Return the full listing unchanged, excluding any images it contains.
§ §
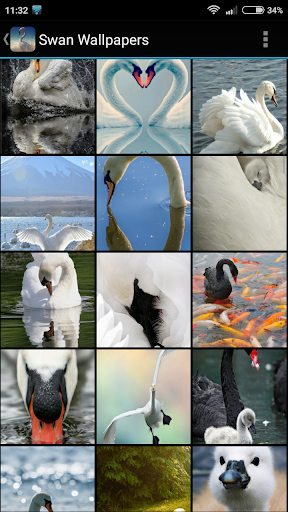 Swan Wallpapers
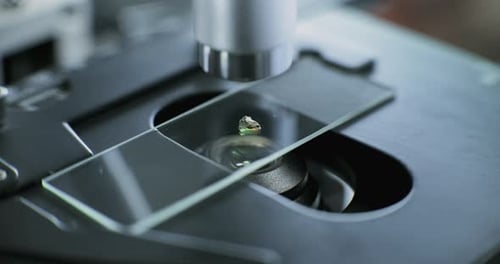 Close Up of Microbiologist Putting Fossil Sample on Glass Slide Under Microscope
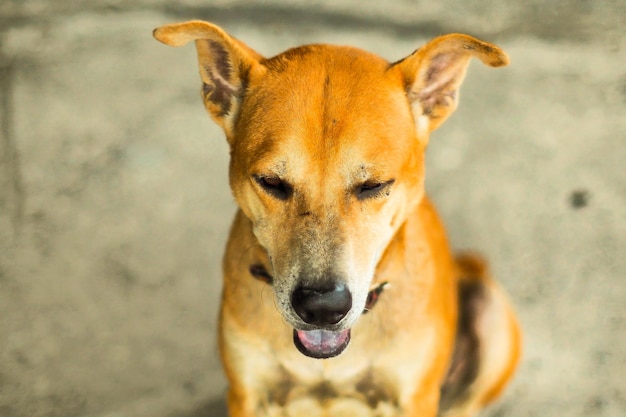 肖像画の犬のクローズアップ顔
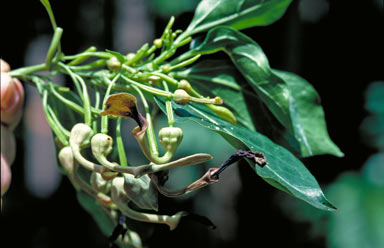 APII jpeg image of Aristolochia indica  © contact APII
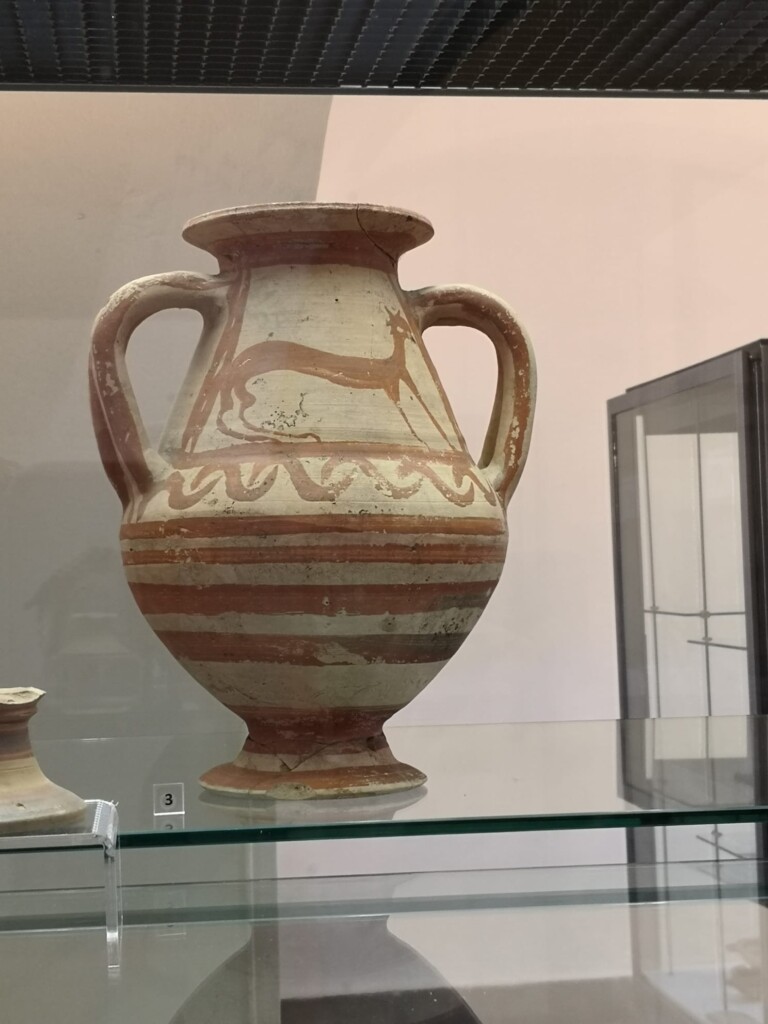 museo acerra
§ §
**RESPONSE**
 Swan Wallpapers
 Close Up of Microbiologist Putting Fossil Sample on Glass Slide Under Microscope
 肖像画の犬のクローズアップ顔
 APII jpeg image of Aristolochia indica  © contact APII
 museo acerra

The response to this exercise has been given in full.